The review considered data from 185 randomised controlled trials (RCTs) that have compared the drug with either a placebo or no drug at all.

“Despite more than 50 years of research in this field, we do not yet know how to identify those patients that may obtain more benefits than harms,” say the researchers, led by Ole Jakob Storebø, a clinical psychologist at the Psychiatric Research Unit in Region Zealand, Denmark.

Having analysed data from RCTs involving 12,245 children and adolescents with ADHD, the reviewers argue in the Cochrane Database of Systematic Reviews[1]
that better-designed trials are needed to assess the benefits of methylphenidate.

Given the frequency of non-serious adverse events associated with methylphenidate, and the subsequent difficulties for blinding of participants and outcome assessors, the researchers point to the advantage of large, ‘nocebo’-controlled trials. Nocebo trials use a placebo-like substance that causes adverse events in the control arm, like those associated with methylphenidate.

Treatment in the 185 trials ranged from 1 to 425 days, meaning that the long-term effects of methylphenidate could not be assessed.

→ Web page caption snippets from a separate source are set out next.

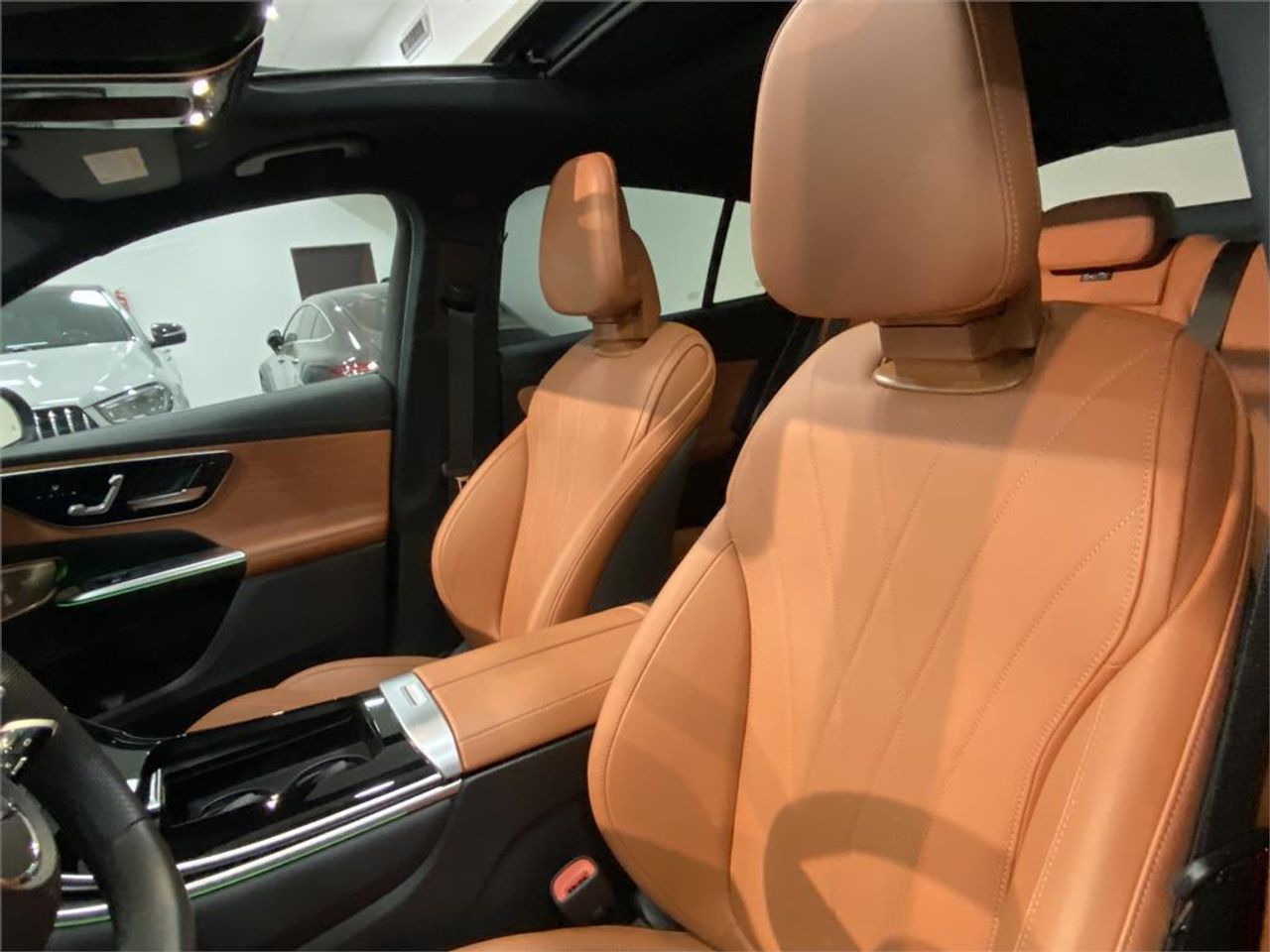 Mercedes GLC Coupé GLC 300 de 4MATIC - Foto 2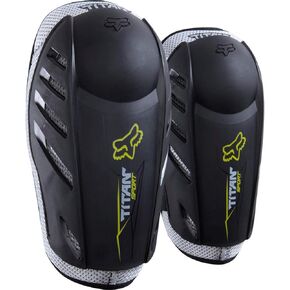 واقي الكوع الرياضي من Fox Racing Titan مقاس S/M in Kuwait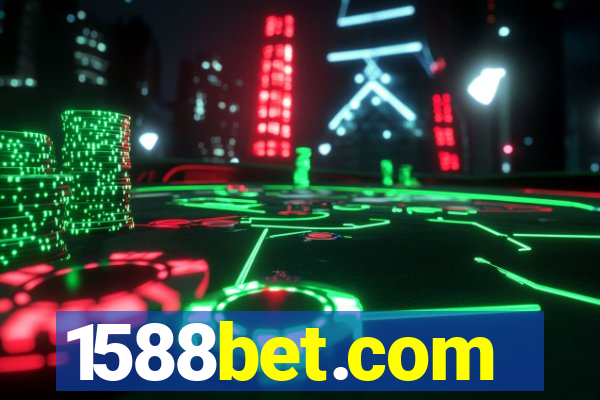 1588bet.com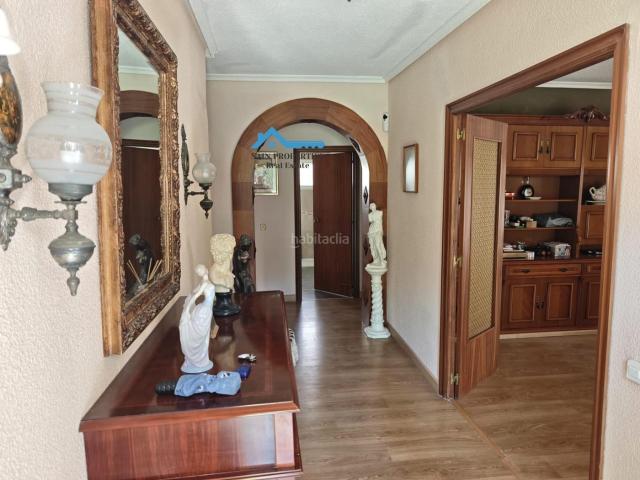 Chalet en venta en el Calvari, la Marina Baixa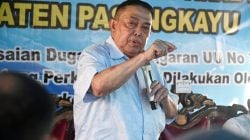 Wagub Sulbar Akan Bawa Kasus Sengketa Agraria di Pasangkayu ke Jakarta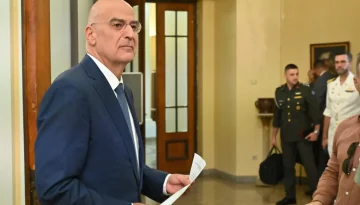 &Iota;&sigma;&rho;&alpha;&eta;&lambda;&iota;&nu;&omicron;ί: &rdquo;&Kappa;ί&nu;&eta;&sigma;&eta;-&mu;&alpha;&tau; &tau;&eta;&sigmaf; &Alpha;&theta;ή&nu;&alpha;&sigmaf; &kappa;&alpha;&tau;ά Ά&gamma;&kappa;&upsilon;&rho;&alpha;&sigmaf;-&Epsilon;&iota;&delta;&iota;&kappa;ή &laquo;&rho;ή&tau;&rho;&alpha; &Tau;&omicron;&upsilon;&rho;&kappa;ί&alpha;&sigmaf;&raquo; &sigma;&tau;&iota;&sigmaf; &delta;&iota;&epsilon;&theta;&nu;&epsilon;ί&sigmaf; &sigma;&upsilon;&mu;&beta;ά&sigma;&epsilon;&iota;&sigmaf; &pi;&rho;&omicron;&mu;ή&theta;&epsilon;&iota;&alpha;&sigmaf; &omicron;&pi;&lambda;&iota;&kappa;ώ&nu; &sigma;&upsilon;&sigma;&tau;&eta;&mu;ά&tau;&omega;&nu;&rdquo;-&rdquo;&Beta;&rho;ά&zeta;&omicron;&upsilon;&nu;&rdquo;&omicron;&iota; &Tau;&omicron;ύ&rho;&kappa;&omicron;&iota; &tau;&alpha;&upsilon;&tau;ό&chi;&rho;&omicron;&nu;&alpha;-&rdquo;&laquo;Nέ&omicron; &delta;ό&gamma;&mu;&alpha;&raquo; &tau;&omicron;&upsilon; &Nu;ί&kappa;&omicron;&upsilon; &Delta;έ&nu;&delta;&iota;&alpha;&rdquo;&nbsp;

“Although we did not find evidence that there is an increased risk of serious adverse events, we need trials with longer follow-up to better assess the risk of serious adverse events in people who take methylphenidate over a long period of time,” says Storebø.

The reviewers conclude that methylphenidate may improve ADHD symptoms as reported by teachers. Data from 19 trials, involving 1,698 patients, showed a mean difference of -9.6 points (95% confidence interval -13.75 to -6.38) on the ADHD rating scale (range 0 to 72 points, where a change of 6.6 points on the scale is considered clinically relevant).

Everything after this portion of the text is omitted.